The shilling weakened after oil sector importers took advantage of the currents recent gains to buy dollars, but traders said the central bank's big interest rate increase could
squeeze liquidity in the market helping the shilling firm.
At the close of market, the shilling was quoted at 97.10/40 against the dollar, weaker than Wednesday's close of 96.80/97.20.
"There was a bit of dollar demand today from oil guys. At lower levels the dollar was looking quite attractive to buyers," said a trader at one commercial bank.
Trader said, however, they expected the local currency to gain against the greenback as liquidity tightens further in the market following central bank's aggressive rate increase.

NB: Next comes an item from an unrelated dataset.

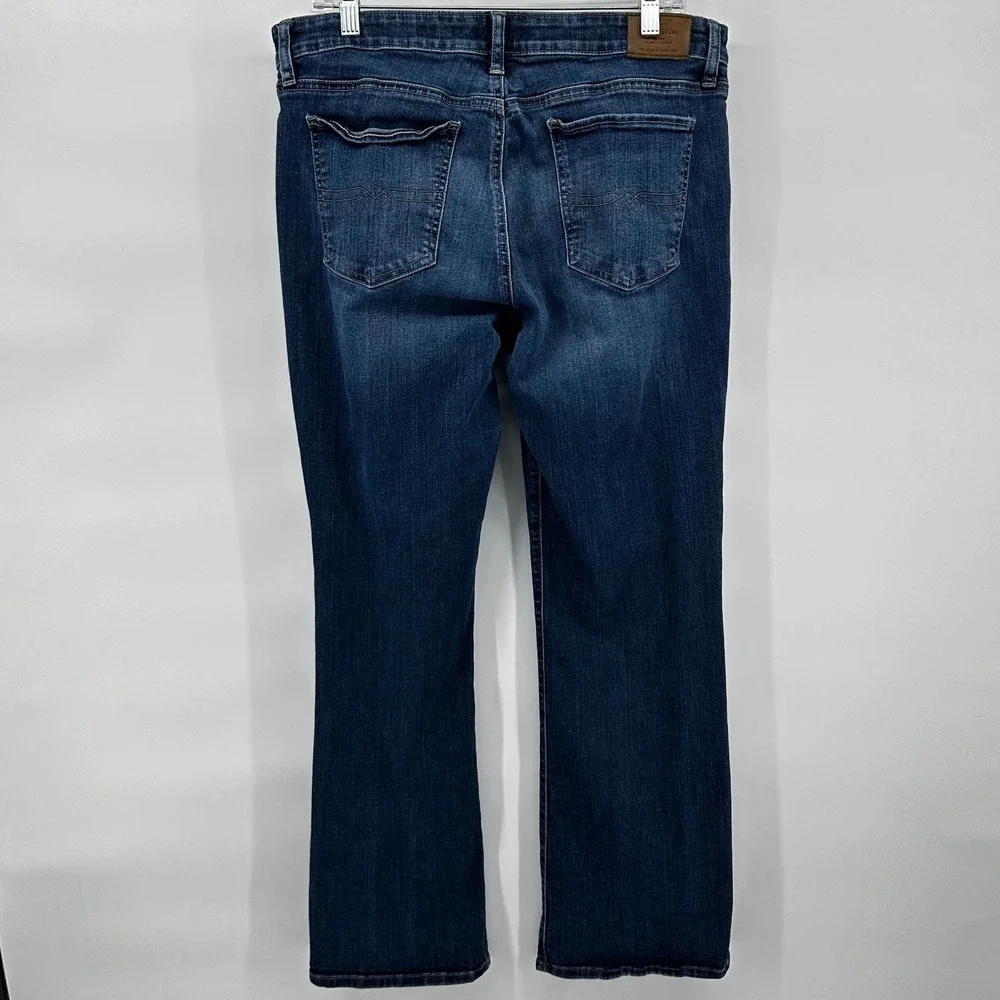 Lucky Brand Sweet Boot Jeans Womens 14/32 Regular Wash Denim Blue‎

Liquidity was already tight before central bank's record rate rise as the regulator had been mopping up shillings through repurchase agreements.
"The support for the shilling is 98.50. As long as we stay below that we are likely to strengthen further," said a senior trader at another commercial bank.
In fixed income, offshore investors were also expected to take advantage of rising yields in the fixed income primary market, helping support the local currency.
The weighted average yield on Kenya's 182-day Treasury rose to 15.742 percent from 15.364 percent at Wednesday's auction.
On the secondary market activity came to an almost stand still as market players stayed away to re-strategise following the rate rise by central bank.
Bonds worth just 25 million shillings ($258,138) were traded, lower than the 160 million shillings traded on Wednesday and way below 1.49 billion shillings traded on Tuesday, before the rate hike.
"After the MPC meeting activity has ground to a halt. We expect this to continue for the rest of the month," said Sammy Maikweki, a trader at Sterling Investment Bank.
"There is a mismatch in the market. Bids are too high. Some people are asking as much as 35 percent on some papers."